Parity Decision Tree Complexity and 4-Party Communication Complexity of XOR-functions Are Polynomially Equivalent

Abstract: In this note, we study the relation between the parity decision tree complexity of a boolean function $f$, denoted by $\mathrm{D}{\oplus}(f)$, and the $k$-party number-in-hand multiparty communication complexity of the XOR functions $F(x_1,\ldots, x_k)= f(x_1\oplus\cdots\oplus x_k)$, denoted by $\mathrm{CC}^{(k)}(F)$. It is known that $\mathrm{CC}^{(k)}(F)\leq k\cdot\mathrm{D}{\oplus}(f)$ because the players can simulate the parity decision tree that computes $f$. In this note, we show that [\mathrm{D}_{\oplus}(f)\leq O\big(\mathrm{CC}^{(4)}(F)^5\big).] Our main tool is a recent result from additive combinatorics due to Sanders.
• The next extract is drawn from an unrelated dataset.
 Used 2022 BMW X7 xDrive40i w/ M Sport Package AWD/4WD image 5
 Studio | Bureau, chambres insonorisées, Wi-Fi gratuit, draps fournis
As $\mathrm{CC}^{(k)}(F)$ is non-decreasing as $k$ grows, the parity decision tree complexity of $f$ and the communication complexity of the corresponding $k$-argument XOR functions are polynomially equivalent whenever $k\geq 4$. Remark: After the first version of this paper was finished, we discovered that Hatami and Lovett had already discovered the same result a few years ago, without writing it up.